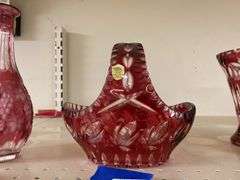 Ruby stained crystal glass basket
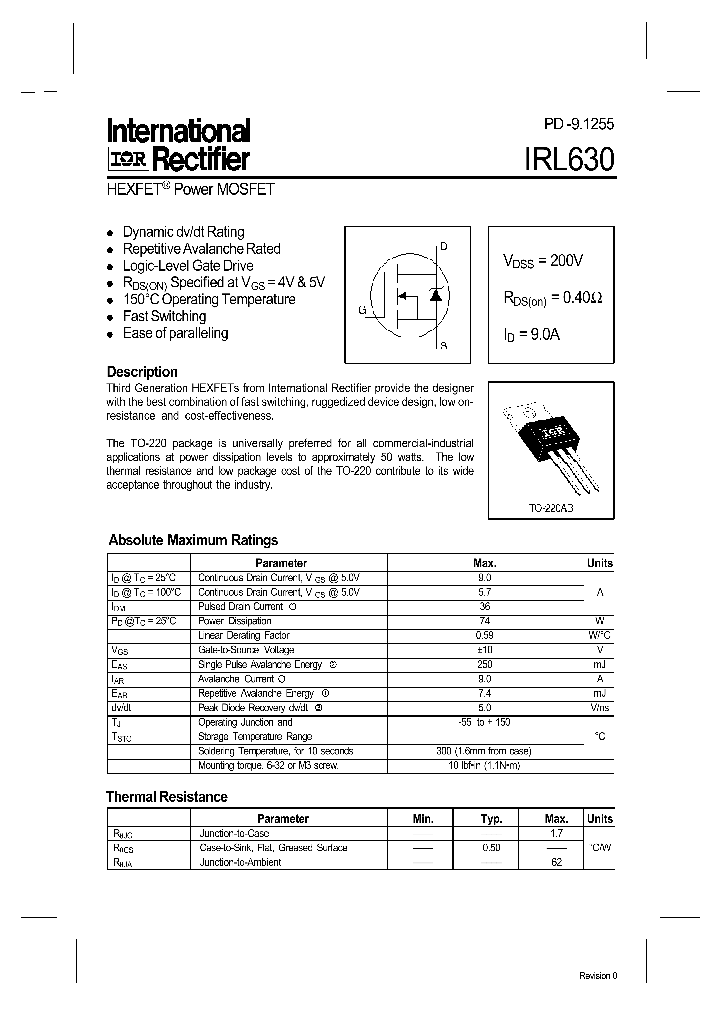 IRL630_318347.PDF Datasheet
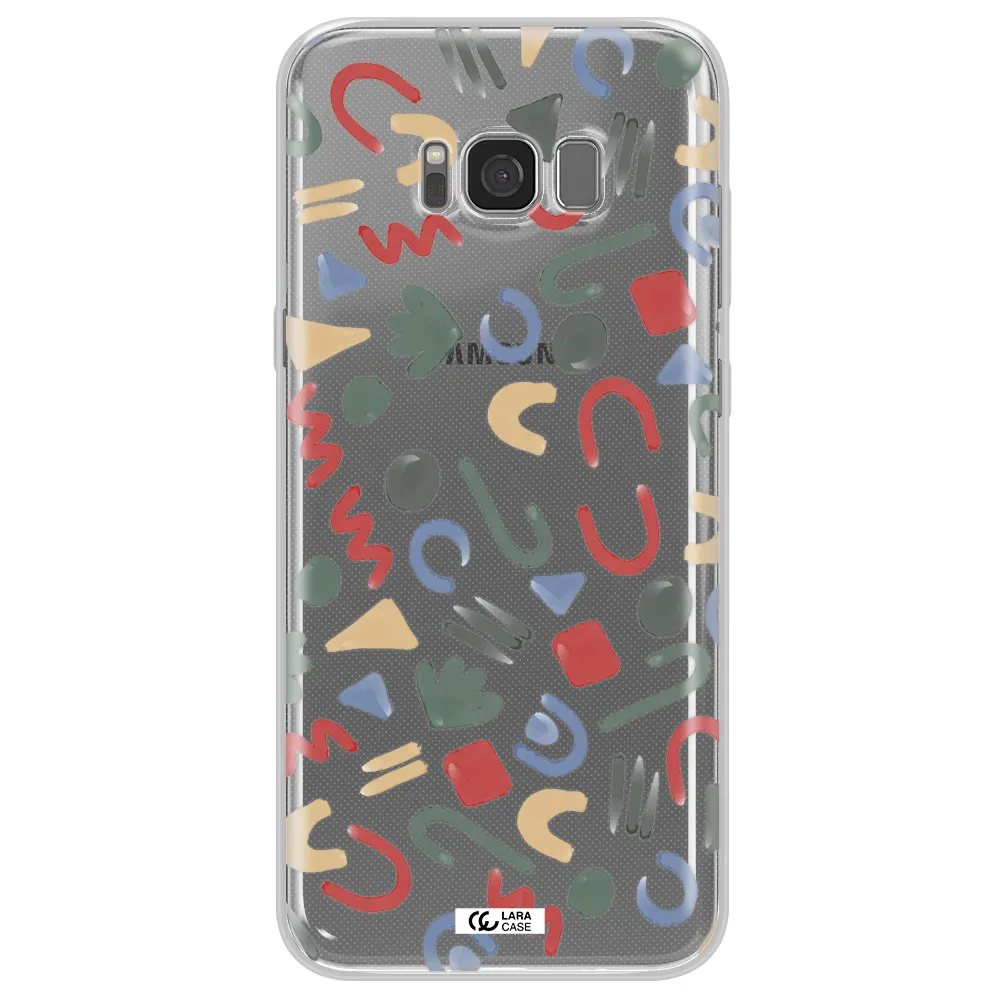 a pattern of colorful shapes Samsung S8 Clear TPU Case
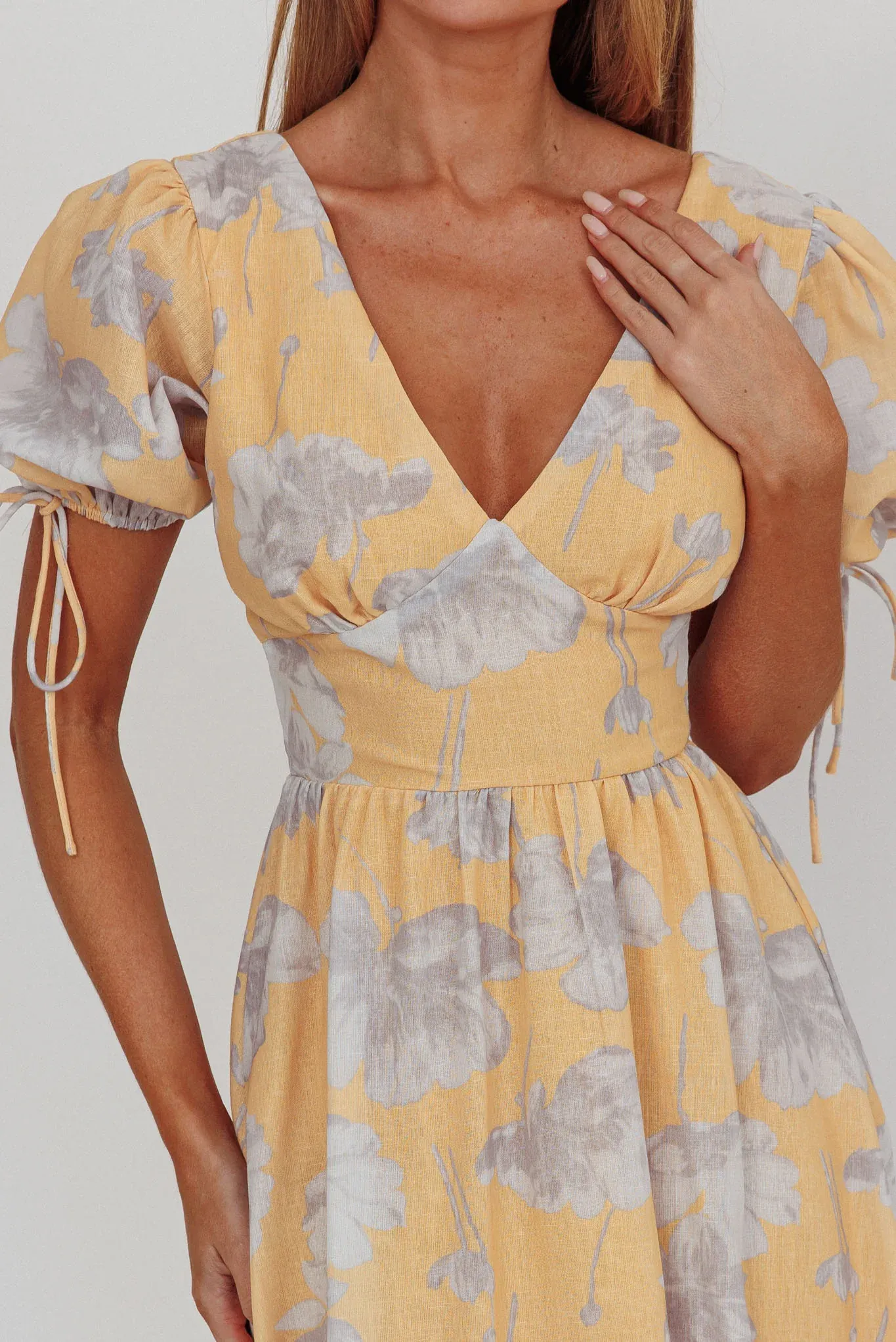 Loveberry Puff Sleeve A-Line Maxi Dress Pumpkin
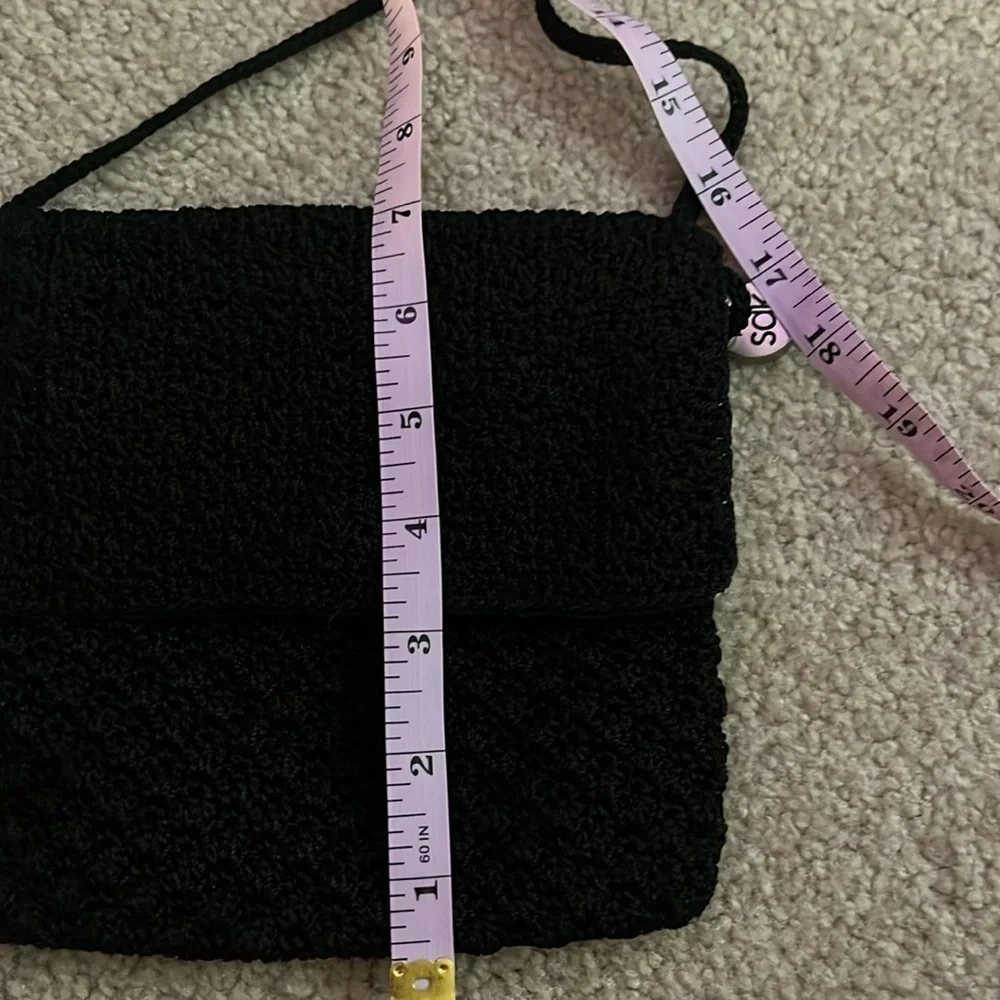 “The Sak- Knit Black Crossbody Bag”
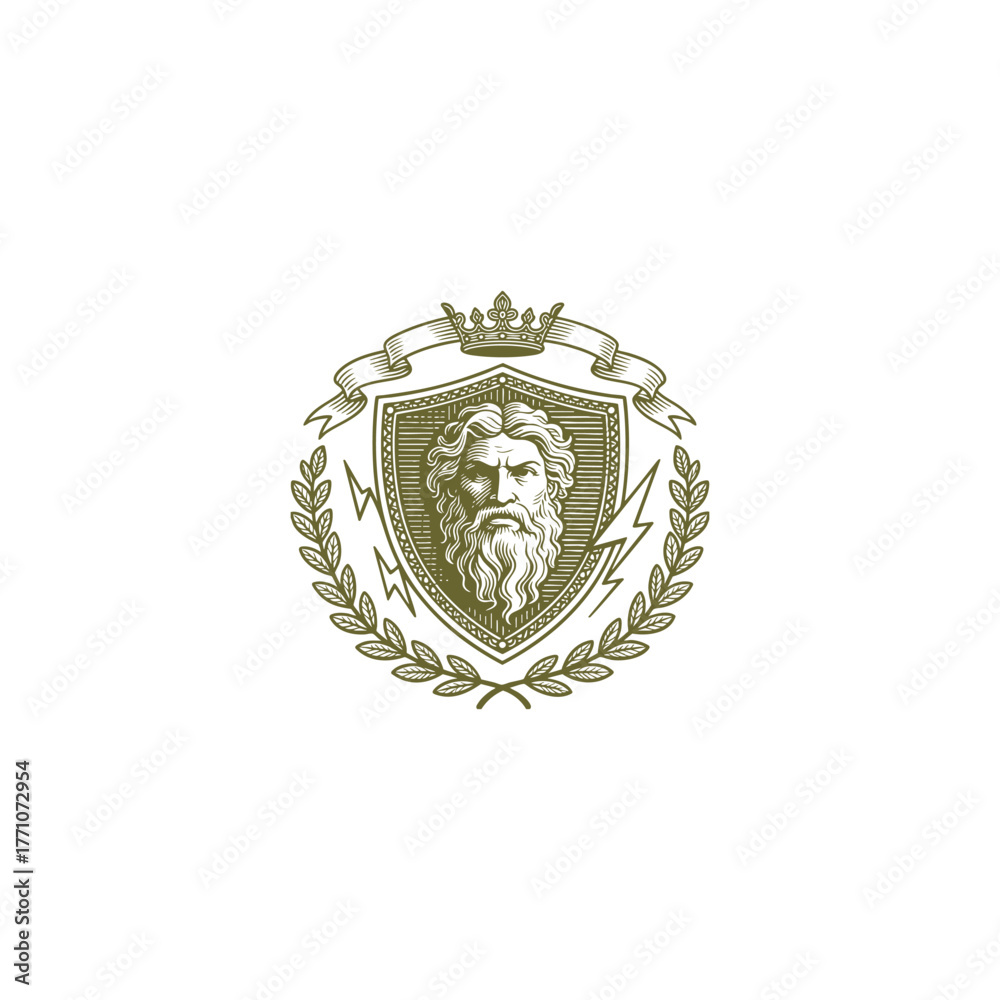 Fototapeta premium Vintage Zeus or Greek God crest logo vector illustration. Engraving style emblem featuring the King of Gods with a beard, surrounded by lightning bolts, a shield, crown, laurel wreath, and banner
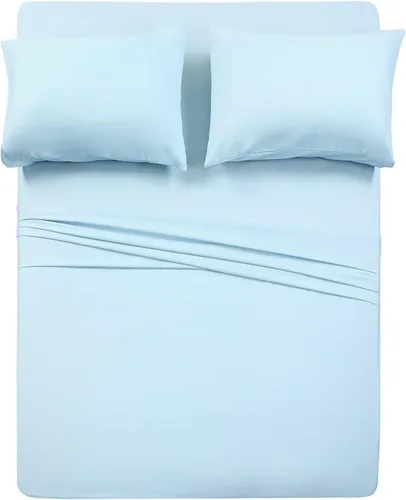 Vista 47 de Juego de sábanas de diseño estampado clásico - Juegos de sábanas con bolsillo profundo ultra suave y transpirable., Microfibra, Celeste (Baby Blue)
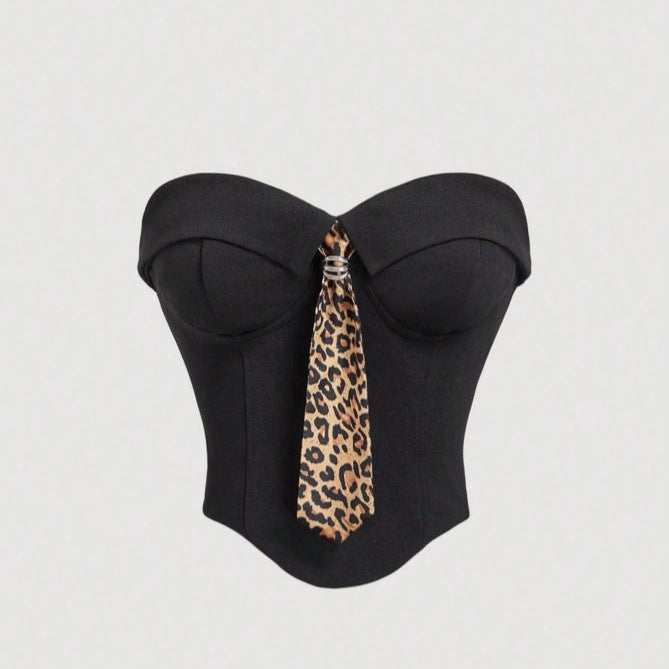 Damen Corsage mit modischem Tiermuster und tailliertem Schnitt Echo Archiv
* * * *
PROBLEM DETAILS: Exact copy, pictures omitted: every line from the one holding "Sak- Knit Black" through the last line of the data above, and nothing else.

FINISHED EXERCISE:
 “The Sak- Knit Black Crossbody Bag”
 Fototapeta premium Vintage Zeus or Greek God crest logo vector illustration. Engraving style emblem featuring the King of Gods with a beard, surrounded by lightning bolts, a shield, crown, laurel wreath, and banner
 Vista 47 de Juego de sábanas de diseño estampado clásico - Juegos de sábanas con bolsillo profundo ultra suave y transpirable., Microfibra, Celeste (Baby Blue)
 Damen Corsage mit modischem Tiermuster und tailliertem Schnitt Echo Archiv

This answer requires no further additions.